The NRA takes small fortunes from companies in the gun industry through a variety of contributions. According to BusinessInsider.com, the NRA has drastically ramped up it’s solicitation of money from the industry over the last decade. It has used this money to become one of the largest lobbyists in the country. It’s well known that politicians fear the NRA and their wrath if they “step out of line” and the NRA relentlessly exploits that kind of clout to do what it does, which is to effectively lobby for gun rights. Say what you will about the NRA, but no other group carries that kind of weight.
But when we talk about the NRA, it’s easy to forget the other side of that equation, the gun industry itself. This industry doesn’t just print new money and give it to the NRA. There is a reason they have that kind of money to give. Gun sales have steadily risen as the gun control rhetoric in Washington has heated up. 2015 set a new record for background checks, topping out at over 23 million. Let that sink in for a minute. 23,000,000 background checks. In one year. To say that this is a booming business is an understatement to say the least.
And that is just firearms. There is no real tracking of the money that is spent in the industry on parts and accessories. If I were a betting man, and I am, I’d wager that the amount of money spent on tactical widgets, zombie killing ammo and operator beard oil at least equals the dollars spent on serialized receivers. We are talking about a staggering amount of money. My credit card balances concur.
It’s fair to say that every dollar spent at Cabela’s on overpriced .223, every credit card receipt emailed to you from Brownells, every Fedex package that arrives at your door marked ORM-D that you deftly sneak past your wife as she is making dinner, every forgotten bolt carrier group that hides in your gun drawer, every 4473 that your FFL enthusiastically slaps on the counter as you fondle that new Tavor that you have been trying to ignore, every holster you ever bought and used once, all of it goes to support the cause….it all matters. The sheer size of this industry is what gives it its massive political inertia. 23 million background checks speaks for itself.
The anti-gun crowd doesn’t seem to grasp this. You can have your Million Mom March, your Moms Demand Action, your Mayors Against Illegal Guns, etc. But nobody, not even Mayor Bloomberg, is dropping the kind of money to promote gun control that we are spending every single year on guns.

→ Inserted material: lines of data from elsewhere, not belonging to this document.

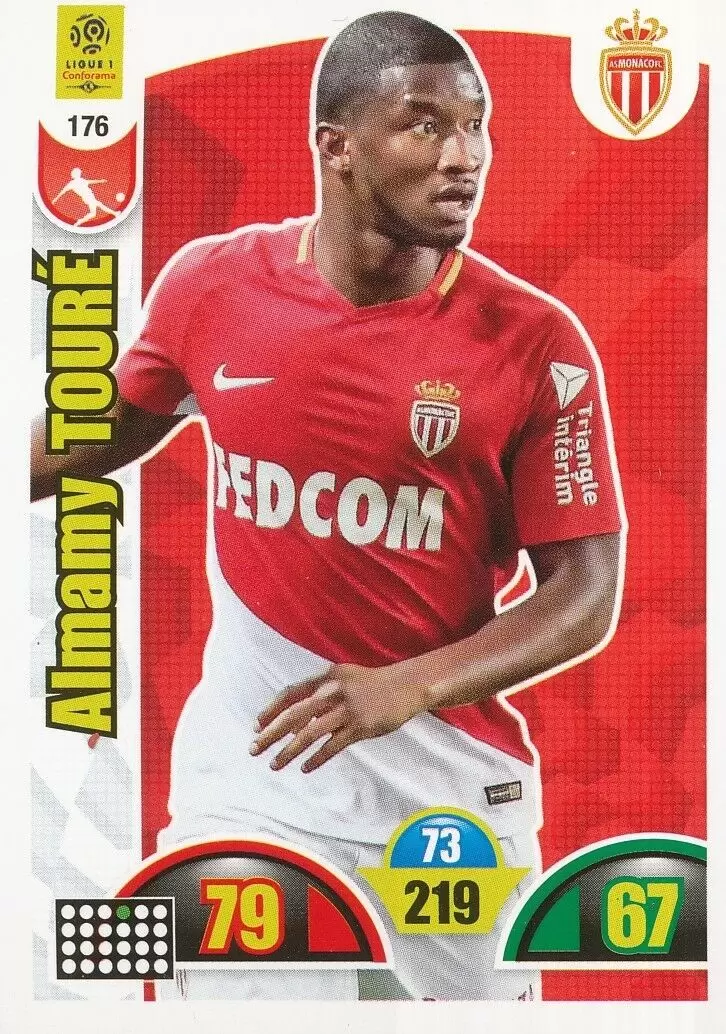 Adrenalyn XL : 2018-2019 (France) - Almamy Touré - AS Monaco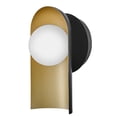 thumbnail image 3 of 84230BK-LCB Lark Zuri - 5W 1 LED Medium Wall Sconce-10 Inch Tall and 6 Inch Wide-Black/Lacquered Brass Finish, 3 of 8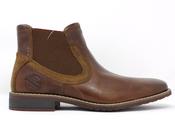 Dubarry | Slip On Chelsea Boots with Leather Upper in Tan | Santos image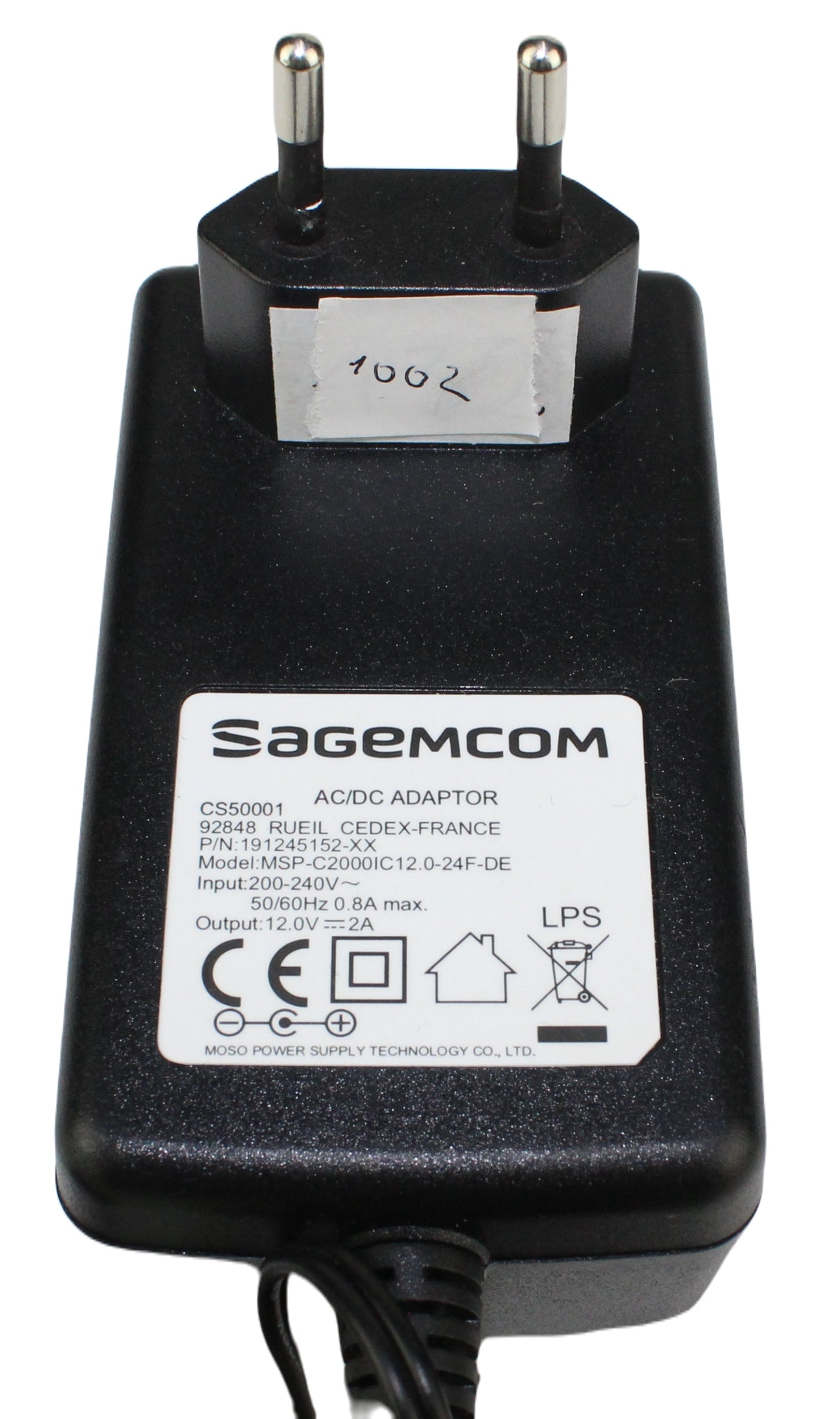 Zasilacz SAGEMCOM MSP-C2000IC12.0-24F-DE 12V 2A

The media hints at this issue, but almost by accident. They never seem to connect that the amount of money spent in this business reflects the political will of the people in this country. Obama wants you to believe that 90% of Americans support stronger background checks. I’m sorry, I don’t believe you Mr. President. I believe the growth of Smith and Wesson’s stock. I believe the fact that 4 or 5 new gun shops have opened in my town in the last 3 years. I believe the growth of the firearms training market. I believe 23 million background checks.
I’m not trying to tell you how to live your life, but when you are sitting in front of your computer at 2AM trying to justify spending $500 on yet another Glock (this time it’s ghost grey!) remember that your money isn’t going into a black hole. Participating in this market is a kind of activism in and of itself.